Koronavirüs vakasının ülkemizde de görülmesinden sonra nisan ayından itibaren restoran, kuaför, güzellik merkezi, alışveriş merkezleri gibi birçok işletme önlemler kapsamında geçici olarak kapatılmıştı. İşyerlerinin kapalı olduğu dönemde kiracılar gelir elde edemedikleri için kiralarını ödeyememişti. Bu durum bazı mülk sahipleri ile kiracıları karşı karşıya getirmişti.
Bu durumun bir örneği Bursa’da yaşandı ve davalık olan iki tarafın sorunu yargı yoluyla çözüldü. Bursa’da koronavirüs salgını sürecinde 23 bin TL’lik dükkan kirasını ödeyemeyen restoran sahibi, kira bedelinin düşürülmesi için Borçlar Kanunu’nun 138’inci maddesini işaret ederek Sulh Hukuk Mahkemesi’ne başvurdu. Sulh Hukuk Mahkemesi başvuruyu reddetti.

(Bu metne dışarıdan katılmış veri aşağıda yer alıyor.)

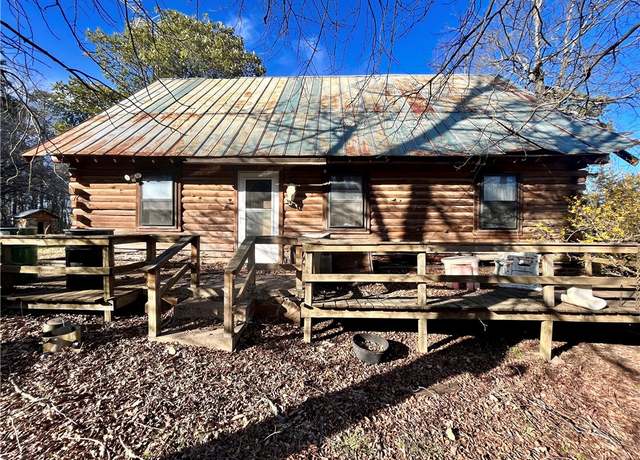 Property at 124 Oxley Rd, Leslie, AR 72645, 4 beds, 1 bath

Bunun üzerine restoran sahibi, kararı Bursa Bölge Adliyesi 4. Hukuk Dairesi’ne taşıdı. Daire, taraflar arasında imzalanan kira sözleşmesi sırasında pandemi sürecinin öngörülemeyen bir durum olduğunu belirterek, kira bedelinin yüzde 50 azaltılarak, 11 bin 500 TL’ye düşürülmesine hükmetti. Restoran sahibi, Yargıtay süreci sonuçlanana kadar yarı kira ödemeye başladı.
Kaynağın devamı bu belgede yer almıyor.